Thursday, December 30, 2010

Double Double Toil and, well not really that much Trouble

Yesterday and today I worked doubles between Harrys and the National. 9-3 ish at the National and 5-10 ish at Harry's. Doubles can be tough but I don't mind as much if its at different places, it gives me a chance to get out for awhile and at least its a change of scenery.
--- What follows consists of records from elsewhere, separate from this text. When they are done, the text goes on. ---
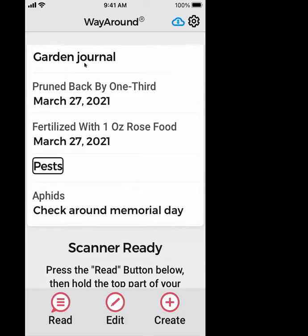One thing many people don't realize: way tags can be read through items, just like through that removable label. They can even be closed. You do not have to get direct access to any of our tags — they will read through things.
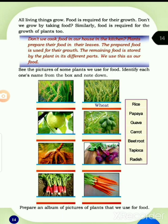The prepared food is used for the growth of the plant. The remaining food is stored by the plant in its different parts, and we use this as our food. See the pictures of some plants we use for food. Identify each one's name from the box and note it down. There are 8 pictures: rice plant, wheat, guava, papaya, tapioca, beetroot, radish, carrot.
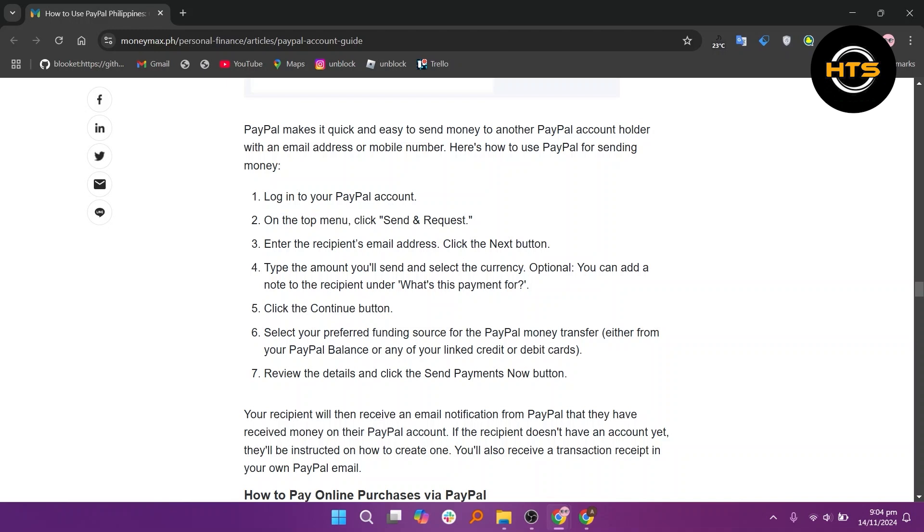Here, type the amount you will send and select the currency. After that, click the continue button.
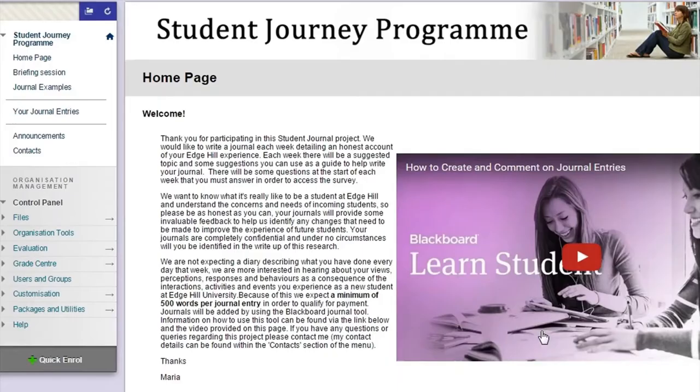A way to do that was through the VLE journal tool, a system that they were already being orientated on in their induction, so it helped with familiarisation there, but also something that's going to be used for the next three or four years that they're here. So it was a way to marry them both.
Last night at Harry's I was actually waiting tables which I haven't done in about a month or maybe more. It was a good change of pace to be on that side of the kitchen for a while. Getting to actually talk to, and interact with the customers, and hear how much they enjoy their experience dining out always reminds me why it is those of us in food service do what we do (assuming we are doing it as a choice and not as simply a waystation on the path to other things, though there is nothing wrong with that either I suppose.) There was a new girl working with me, she'd already gone through the basics of training but still had alot to learn as this was her first waitressing gig. I'm always at my best when I know someone is taking notes so I busted out the "super server" style and smiled, chatted, bullshitted and "upsold" like a damn Applebee's training video (but with more character ;-) Didn't pull many tips since it was a pretty slow night and, lets be honest, people eating BBQ in a shopping center near the highway on a Wed night are not generally high rollers.
This morning at The National we were very slow early in the day. Patrick our sou chef was working on some prep for our special menu New Years Eve dinner tomorrow night and some caterings that are going out tomorrow as well. He had these giant slabs of meat and asked if anyone wanted to learn how to cut them down into tenderloins for steaks. I had finished all my prep and had no orders in so I watched him do the first one and attacked the second one myself. It was neat to see this huge hunk of meat that I had never encountered before gradually whittled down to a recognizable tenderloin. I am a committed and proud meat eater (more on that later, but basically I believe we should raise animals humanely and healthily, kill them quickly and cook them tastily) so it was a very satisfying thing to really get into the meat and see how its composition, note the differences the surrounding areas of meat and the actual tenderloin itself. Feeling the silver skin, the fat the gristle and all the protein structures of the meat and seeing how each one held up against the sharp knife I felt like a kid doing a science project. Even the noise of ripping the fat cap away from the loin has a sort of primal satisfaction to it.
Tonight at Harry's for some reason we had three in the kitchen instead of the usual two so we did a lot of cleaning and got done very early. It was nice to work with Will and Travis, two of the others there that have been around a long time. We don't always get along but we usually have fun at work and have sort of bonded after many a long hard shift. We've been there through a million different checklists and policy changes, hirings, firing, write-ups, hellish UGA game days, early morning coffee breaks and after work drinks and that's something that draws you to someone despite your differences.
Update on Peter's stock-potted foot: the cadaver skin was just for keeping out infection apparently, not an actual skin graft. He is still in the hospital but doing well and making jokes already. Hopes to be home tomorrow and looking at about 2 months of recovery time if all goes well.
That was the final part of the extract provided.